Entre los aspectos relevantes que deben contemplarse para su correcta implementación están aquellos referidos a la seguridad de la información. Cuando hablamos de seguridad de la información nos estamos refiriendo de manera general a los siguientes aspectos específicos:

 

  • Infraestructura tecnológica (hardware y software): debe determinarse qué equipos serán utilizados por el trabajador (computadora, impresora, teléfono móvil, tableta, etc); si los mismos serán entregados por el empleador o en su caso si serán equipos de propiedad del empleado; identificar el modelo de cada equipo y lo referente al servicio técnico y mantenimiento de los equipos, incluso si los equipos estarán asegurados contra robos y/o daños.  Asimismo, debe determinarse que programas informáticos y/o software serán instalados en los equipos; obtención de licencias en los casos que corresponda; qué aplicaciones serán descargadas en los teléfonos móviles; revisar los términos de uso (terms of use) de los programas y de las aplicaciones, especialmente en lo referente a políticas de privacidad y protección de datos personales.

 

 

 

  • Seguridad de la información: es de fundamental importancia tomar todas las medidas necesarias para salvaguardar la integridad de la información de la empresa, especialmente cuando el teletrabajador puede acceder remotamente a los recursos corporativos para compartir información, revisar el correo, ingresar a los sistemas y redes internas de la empresa, para lo cual se debe determinar qué tipo de conexión debe utilizarse entre los equipos utilizados por el teletrabajador y el servidor o plataforma virtual de la empresa (idealmente tendría que ser una conexión a través de una red virtual privada o VPN); determinar qué tipo de protección (firewall) se debe utilizar para evitar que los equipos se infecten con virus o sean hackeados.

 

 

  • Confidencialidad de la información:  igualmente importante es proteger la confidencialidad de la información de la empresa, para lo cual se pueden establecer una serie de normas como vetar la salida de ciertos documentos de la empresa, establecer sistemas de claves de acceso a la información o distintos niveles de confidencialidad, copias de seguridad; y la adopción de sistemas de seguridad en el hogar. 

 

Complementariamente, en la adenda antes mencionada, se deben contemplar otras cuestiones como por ejemplo: el pago de la conexión a Internet que requiere el teletrabajador; si el teletrabajo será a tiempo parcial o tiempo completo; la obligación de restitución de los equipos por parte del teletrabajador; uso exclusivo de los equipos por parte del teletrabajador para fines laborales; responsabilidad en caso de daños cuando fuere utilizado por personas no autorizadas y para fines distintos al establecido. Un punto sensible pero que de todas maneras debería estar previsto es lo referente a la política de control que puede ejercer el empleador sin vulnerar la privacidad del teletrabajador. 

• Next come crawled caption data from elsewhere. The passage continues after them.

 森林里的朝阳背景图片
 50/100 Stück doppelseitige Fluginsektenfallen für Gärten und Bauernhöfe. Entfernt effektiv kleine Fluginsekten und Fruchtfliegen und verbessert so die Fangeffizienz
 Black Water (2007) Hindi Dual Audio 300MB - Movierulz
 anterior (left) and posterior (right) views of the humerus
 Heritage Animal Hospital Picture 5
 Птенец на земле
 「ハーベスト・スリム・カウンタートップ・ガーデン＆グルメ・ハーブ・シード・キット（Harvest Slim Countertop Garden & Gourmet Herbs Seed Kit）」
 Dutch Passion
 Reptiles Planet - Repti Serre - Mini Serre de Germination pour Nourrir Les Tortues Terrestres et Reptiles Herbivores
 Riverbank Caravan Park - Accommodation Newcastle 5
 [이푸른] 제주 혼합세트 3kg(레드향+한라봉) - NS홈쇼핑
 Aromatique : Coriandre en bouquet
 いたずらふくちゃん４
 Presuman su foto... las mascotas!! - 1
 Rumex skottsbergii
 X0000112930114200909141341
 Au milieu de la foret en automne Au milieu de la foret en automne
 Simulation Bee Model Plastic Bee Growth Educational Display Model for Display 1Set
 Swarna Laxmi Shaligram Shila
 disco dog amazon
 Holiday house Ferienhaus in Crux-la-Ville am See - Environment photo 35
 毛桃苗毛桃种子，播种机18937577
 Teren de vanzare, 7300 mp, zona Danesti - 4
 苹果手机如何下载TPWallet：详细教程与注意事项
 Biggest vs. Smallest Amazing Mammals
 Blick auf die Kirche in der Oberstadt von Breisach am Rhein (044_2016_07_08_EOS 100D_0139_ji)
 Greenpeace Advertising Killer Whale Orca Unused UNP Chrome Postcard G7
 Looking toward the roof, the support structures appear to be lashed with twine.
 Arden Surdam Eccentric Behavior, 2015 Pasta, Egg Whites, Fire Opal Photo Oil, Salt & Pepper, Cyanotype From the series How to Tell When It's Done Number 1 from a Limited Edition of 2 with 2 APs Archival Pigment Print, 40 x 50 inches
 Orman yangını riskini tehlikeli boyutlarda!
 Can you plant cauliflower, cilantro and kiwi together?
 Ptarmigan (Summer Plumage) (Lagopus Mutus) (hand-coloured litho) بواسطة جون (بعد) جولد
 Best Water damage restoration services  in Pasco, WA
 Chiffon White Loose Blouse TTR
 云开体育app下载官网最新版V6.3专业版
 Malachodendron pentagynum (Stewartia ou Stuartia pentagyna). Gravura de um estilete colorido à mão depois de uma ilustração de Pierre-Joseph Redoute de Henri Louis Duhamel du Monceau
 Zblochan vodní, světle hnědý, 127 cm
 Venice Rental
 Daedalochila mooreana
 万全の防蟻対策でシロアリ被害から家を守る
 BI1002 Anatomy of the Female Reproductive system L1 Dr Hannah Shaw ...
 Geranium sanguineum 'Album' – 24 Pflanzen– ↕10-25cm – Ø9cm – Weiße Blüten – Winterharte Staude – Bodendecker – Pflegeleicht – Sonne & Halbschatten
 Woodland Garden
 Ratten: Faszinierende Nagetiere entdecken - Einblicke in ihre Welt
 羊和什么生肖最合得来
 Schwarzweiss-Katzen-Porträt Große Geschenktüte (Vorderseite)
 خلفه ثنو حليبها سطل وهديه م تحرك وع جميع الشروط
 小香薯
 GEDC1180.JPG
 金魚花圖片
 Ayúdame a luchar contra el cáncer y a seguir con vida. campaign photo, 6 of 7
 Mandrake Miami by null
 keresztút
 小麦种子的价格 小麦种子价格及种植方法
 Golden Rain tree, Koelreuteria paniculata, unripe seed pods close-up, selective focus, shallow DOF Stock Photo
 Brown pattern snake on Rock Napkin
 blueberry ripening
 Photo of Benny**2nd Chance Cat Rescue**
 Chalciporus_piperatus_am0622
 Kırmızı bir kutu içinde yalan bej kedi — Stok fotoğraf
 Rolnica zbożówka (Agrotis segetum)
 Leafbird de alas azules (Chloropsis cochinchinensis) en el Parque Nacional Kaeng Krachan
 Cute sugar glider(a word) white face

Además, considerando de manera particular el estado de emergencia sanitaria es muy importante establecer la duración del teletrabajo y su reversibilidad a la modalidad presencial una vez expirado el plazo.

Precisamente esta situación de emergencia sanitaria que afecta a nuestro país podría llevar a las empresas a adoptar de manera improvisada y no planificada la modalidad de teletrabajo. Aun así, consideramos que es una opción válida y que debería contar con un reconocimiento normativo en nuestro ordenamiento legal.